From the above experiment, we can conclude that the patched lockref.c
creates the same code with the try_cmpxchg fallback as the original
code. I think the same will be observed also for other targets.

When the new code involving try_cmpxchg is compiled, impressive size
gains for x86_32 can be seen. The main loop size reduces from 44 bytes
to 30 bytes.

In the git repository, several transitions from cmpxchg to try_cmpxchg
can be found. The above experiment confirms, that the generated
fallback assembly is at least as good as the original unpatched
version, but can be more optimal when the target provides try_cmpxchg
instruction. Also, it looks to me that several other hot spots
throughout the code can be improved by changing them from using
cmpxchg to try_cmpxchg.

Uros.


Attachments:
lockref-test.c (2.54 kB)

2022-05-28 18:52:35

by Heiko Carstens

[permalink] [raw]
Subject: Re: [PATCH 1/2] locking/lockref: Use try_cmpxchg64 in CMPXCHG_LOOP macro

On Thu, May 26, 2022 at 01:42:35PM +0100, Mark Rutland wrote:
> On Thu, May 26, 2022 at 10:14:59PM +1000, Michael Ellerman wrote:
> > Linus Torvalds <[email protected]> writes:
> > > On Wed, May 25, 2022 at 7:40 AM Uros Bizjak <[email protected]> wrote:
> > >>
> > >> Use try_cmpxchg64 instead of cmpxchg64 in CMPXCHG_LOOP macro.
> > >> x86 CMPXCHG instruction returns success in ZF flag, so this
> > >> change saves a compare after cmpxchg (and related move instruction
> > >> in front of cmpxchg). The main loop of lockref_get improves from:
> > >
> > > Ack on this one regardless of the 32-bit x86 question.
> > >
> > > HOWEVER.
> > >
> > > I'd like other architectures to pipe up too, because I think right now
> > > x86 is the only one that implements that "arch_try_cmpxchg()" family
> > > of operations natively, and I think the generic fallback for when it
> > > is missing might be kind of nasty.
> > >
> > > Maybe it ends up generating ok code, but it's also possible that it
> > > just didn't matter when it was only used in one place in the
> > > scheduler.
> >
> > This patch seems to generate slightly *better* code on powerpc.
> >
> > I see one register-to-register move that gets shifted slightly later, so
> > that it's skipped on the path that returns directly via the SUCCESS
> > case.
>
> FWIW, I see the same on arm64; a register-to-register move gets moved out of
> the success path. That changes the register allocation, and resulting in one
> fewer move, but otherwise the code generation is the same.

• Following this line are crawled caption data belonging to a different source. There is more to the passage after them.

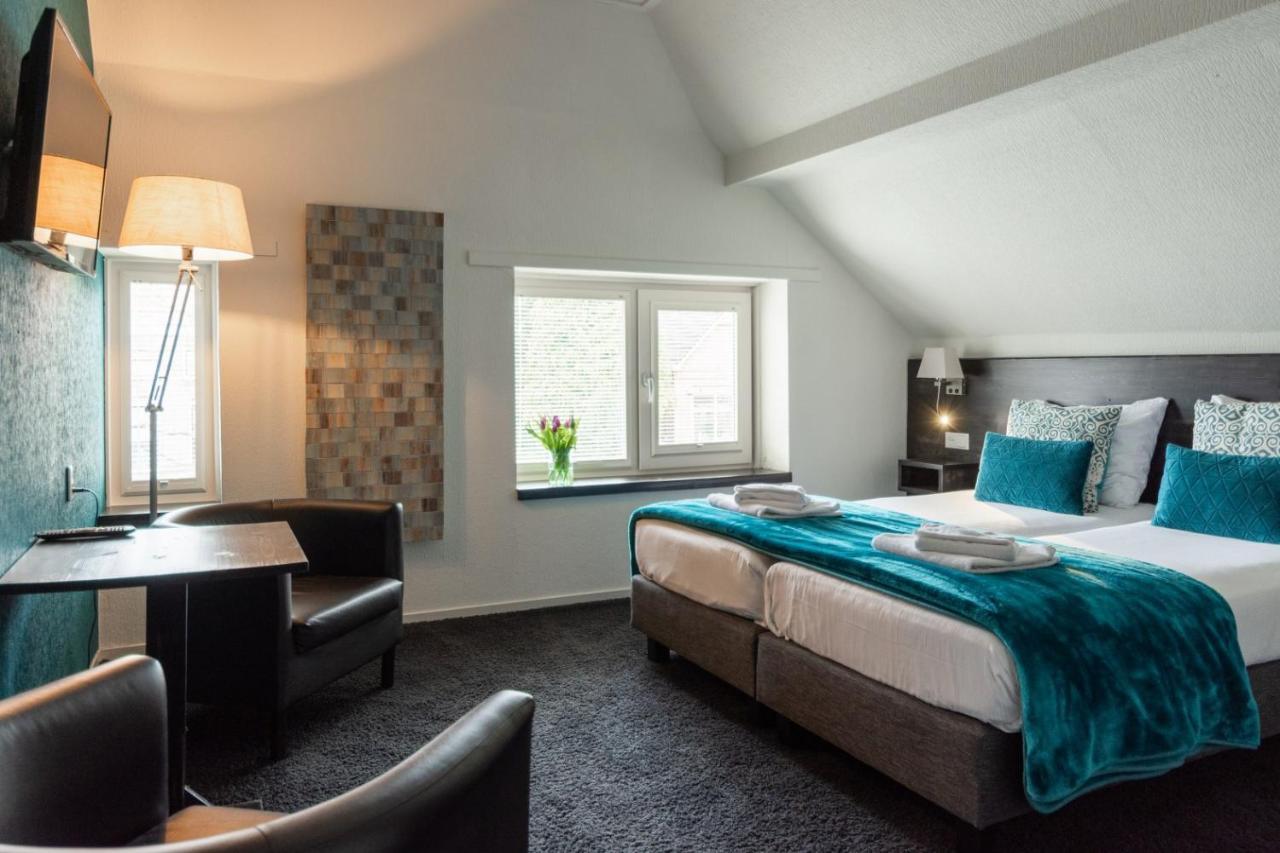 Hotel Hartlief Buinen エクステリア 写真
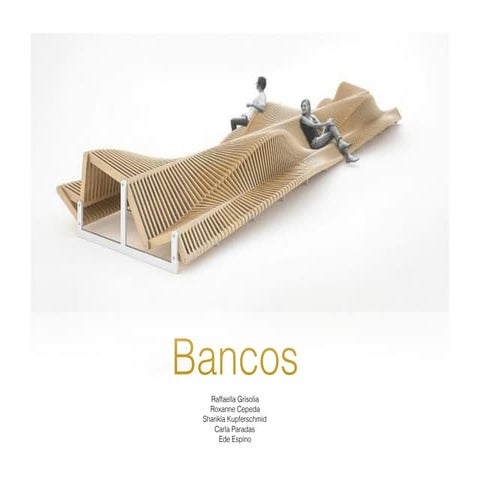Investigación de Bancos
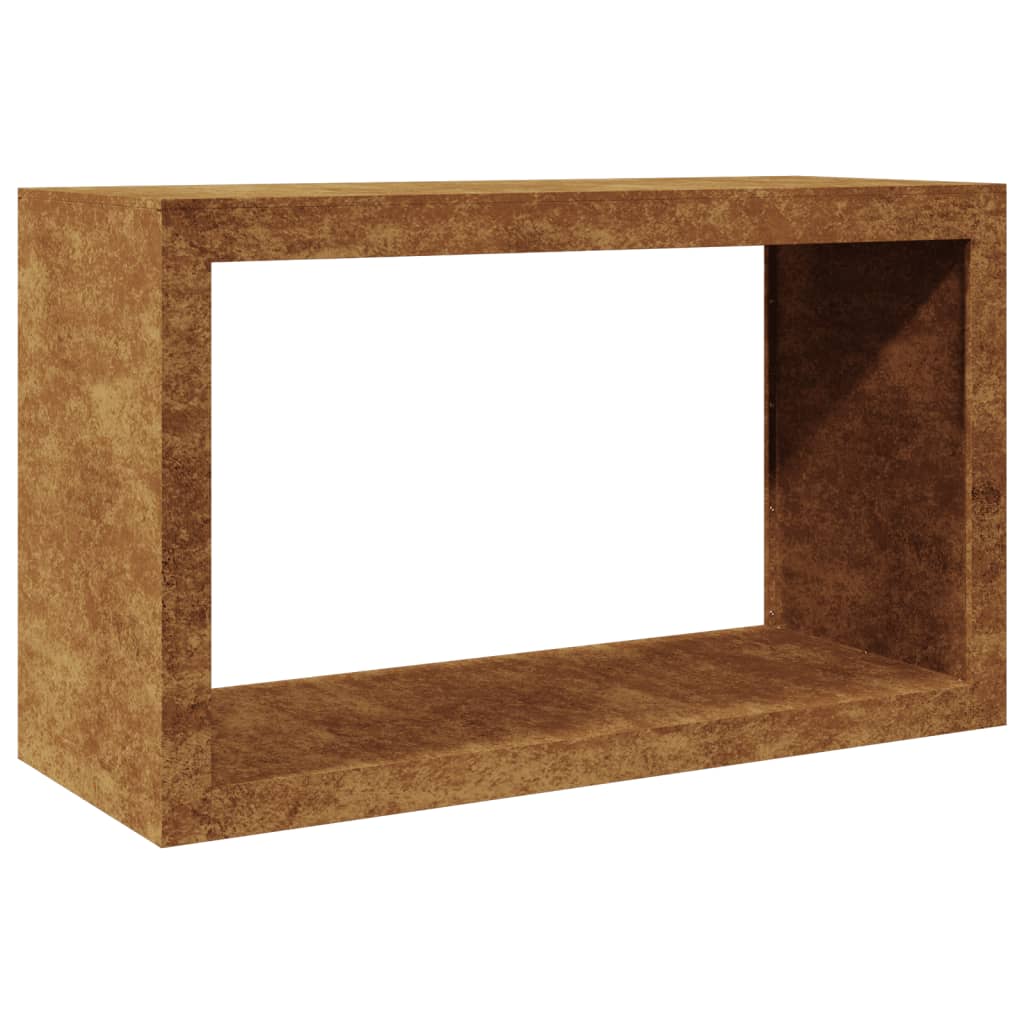 malkinė lentyna 100x40x60 cm oro sąlygoms atsparus plienas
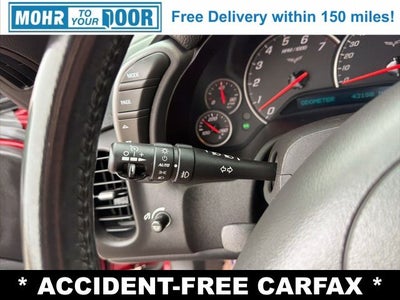 2006 Chevrolet Corvette Base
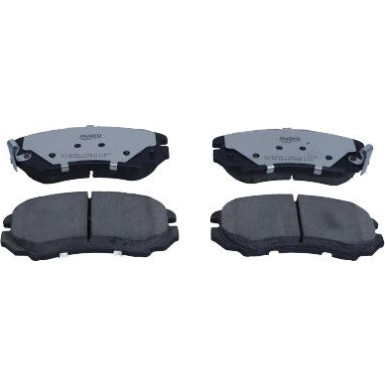 QP7928C Bremsbelagsatz, Scheibenbremse QUARO SILVER CERAMIC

Just for the records: s390 code generation changes the same like on
powerpc; so looks good.

2022-05-28 19:19:04

by Mark Rutland

[permalink] [raw]
Subject: Re: [PATCH 1/2] locking/lockref: Use try_cmpxchg64 in CMPXCHG_LOOP macro

On Thu, May 26, 2022 at 10:14:59PM +1000, Michael Ellerman wrote:
> Linus Torvalds <[email protected]> writes:
> > On Wed, May 25, 2022 at 7:40 AM Uros Bizjak <[email protected]> wrote:
> >>
> >> Use try_cmpxchg64 instead of cmpxchg64 in CMPXCHG_LOOP macro.
> >> x86 CMPXCHG instruction returns success in ZF flag, so this
> >> change saves a compare after cmpxchg (and related move instruction
> >> in front of cmpxchg). The main loop of lockref_get improves from:
> >
> > Ack on this one regardless of the 32-bit x86 question.
> >
> > HOWEVER.
> >
> > I'd like other architectures to pipe up too, because I think right now
> > x86 is the only one that implements that "arch_try_cmpxchg()" family
> > of operations natively, and I think the generic fallback for when it
> > is missing might be kind of nasty.
> >
> > Maybe it ends up generating ok code, but it's also possible that it
> > just didn't matter when it was only used in one place in the
> > scheduler.
>
> This patch seems to generate slightly *better* code on powerpc.
>
> I see one register-to-register move that gets shifted slightly later, so
> that it's skipped on the path that returns directly via the SUCCESS
> case.

FWIW, I see the same on arm64; a register-to-register move gets moved out of
the success path. That changes the register allocation, and resulting in one
fewer move, but otherwise the code generation is the same.

Thanks,
Mark.

2022-05-28 19:44:36

by Linus Torvalds

[permalink] [raw]
Subject: Re: [PATCH 1/2] locking/lockref: Use try_cmpxchg64 in CMPXCHG_LOOP macro

On Wed, May 25, 2022 at 7:40 AM Uros Bizjak <[email protected]> wrote:
>
> Use try_cmpxchg64 instead of cmpxchg64 in CMPXCHG_LOOP macro.
> x86 CMPXCHG instruction returns success in ZF flag, so this
> change saves a compare after cmpxchg (and related move instruction
> in front of cmpxchg). The main loop of lockref_get improves from:

Ack on this one regardless of the 32-bit x86 question.

HOWEVER.

I'd like other architectures to pipe up too, because I think right now
x86 is the only one that implements that "arch_try_cmpxchg()" family
of operations natively, and I think the generic fallback for when it
is missing might be kind of nasty.

Maybe it ends up generating ok code, but it's also possible that it
just didn't matter when it was only used in one place in the
scheduler.

The lockref_get() case can be quite hot under some loads, it would be
sad if this made other architectures worse.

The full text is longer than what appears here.